- [Data provided]
■ ■ ■ ■ ■
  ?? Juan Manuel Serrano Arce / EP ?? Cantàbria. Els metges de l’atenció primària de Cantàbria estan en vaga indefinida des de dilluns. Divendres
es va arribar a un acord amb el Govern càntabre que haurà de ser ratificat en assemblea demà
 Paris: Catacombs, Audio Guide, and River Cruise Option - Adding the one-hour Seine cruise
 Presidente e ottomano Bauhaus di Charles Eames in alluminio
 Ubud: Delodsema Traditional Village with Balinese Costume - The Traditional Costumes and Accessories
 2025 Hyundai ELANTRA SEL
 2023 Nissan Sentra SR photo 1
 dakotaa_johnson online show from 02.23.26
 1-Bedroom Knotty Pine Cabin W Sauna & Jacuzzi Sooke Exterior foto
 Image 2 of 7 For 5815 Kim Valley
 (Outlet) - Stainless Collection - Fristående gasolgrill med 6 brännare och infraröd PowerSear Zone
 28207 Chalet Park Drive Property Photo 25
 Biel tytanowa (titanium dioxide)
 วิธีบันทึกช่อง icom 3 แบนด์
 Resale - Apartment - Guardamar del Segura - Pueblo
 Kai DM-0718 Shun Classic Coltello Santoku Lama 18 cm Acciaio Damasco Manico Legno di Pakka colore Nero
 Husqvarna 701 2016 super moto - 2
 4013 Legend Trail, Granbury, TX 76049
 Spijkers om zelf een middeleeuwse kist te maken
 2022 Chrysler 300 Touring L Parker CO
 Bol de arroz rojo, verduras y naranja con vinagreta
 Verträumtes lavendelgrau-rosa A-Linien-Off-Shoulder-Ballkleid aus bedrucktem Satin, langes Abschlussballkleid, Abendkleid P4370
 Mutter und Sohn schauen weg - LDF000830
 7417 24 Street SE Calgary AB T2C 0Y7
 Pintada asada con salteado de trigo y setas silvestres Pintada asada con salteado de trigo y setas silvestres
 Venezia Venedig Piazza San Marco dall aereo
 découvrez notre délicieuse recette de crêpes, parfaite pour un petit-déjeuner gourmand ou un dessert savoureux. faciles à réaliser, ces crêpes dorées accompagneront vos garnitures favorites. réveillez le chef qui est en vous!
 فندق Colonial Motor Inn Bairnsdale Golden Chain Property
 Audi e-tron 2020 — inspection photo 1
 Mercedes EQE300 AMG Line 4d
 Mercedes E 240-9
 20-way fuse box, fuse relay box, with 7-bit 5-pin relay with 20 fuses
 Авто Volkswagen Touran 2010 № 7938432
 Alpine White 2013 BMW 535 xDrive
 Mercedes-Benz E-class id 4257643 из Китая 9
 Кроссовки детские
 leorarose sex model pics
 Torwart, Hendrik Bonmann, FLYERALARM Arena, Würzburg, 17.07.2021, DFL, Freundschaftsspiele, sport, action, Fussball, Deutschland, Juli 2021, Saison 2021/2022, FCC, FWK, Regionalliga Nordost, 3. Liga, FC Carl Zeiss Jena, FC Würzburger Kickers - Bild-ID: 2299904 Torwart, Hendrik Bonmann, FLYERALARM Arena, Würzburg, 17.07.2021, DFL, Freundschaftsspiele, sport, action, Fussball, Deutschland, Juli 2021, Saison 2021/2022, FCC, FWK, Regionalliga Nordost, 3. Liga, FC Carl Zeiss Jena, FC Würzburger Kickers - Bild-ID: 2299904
■ ■ ■ ■ ■
- [Your goal] Beginning with the line that contains "Mercedes-Benz E-class id 4257643 из Китая 9", return every line through the end of the data above, exactly as written.

- [Task response]
 Mercedes-Benz E-class id 4257643 из Китая 9
 Кроссовки детские
 leorarose sex model pics
 Torwart, Hendrik Bonmann, FLYERALARM Arena, Würzburg, 17.07.2021, DFL, Freundschaftsspiele, sport, action, Fussball, Deutschland, Juli 2021, Saison 2021/2022, FCC, FWK, Regionalliga Nordost, 3. Liga, FC Carl Zeiss Jena, FC Würzburger Kickers - Bild-ID: 2299904 Torwart, Hendrik Bonmann, FLYERALARM Arena, Würzburg, 17.07.2021, DFL, Freundschaftsspiele, sport, action, Fussball, Deutschland, Juli 2021, Saison 2021/2022, FCC, FWK, Regionalliga Nordost, 3. Liga, FC Carl Zeiss Jena, FC Würzburger Kickers - Bild-ID: 2299904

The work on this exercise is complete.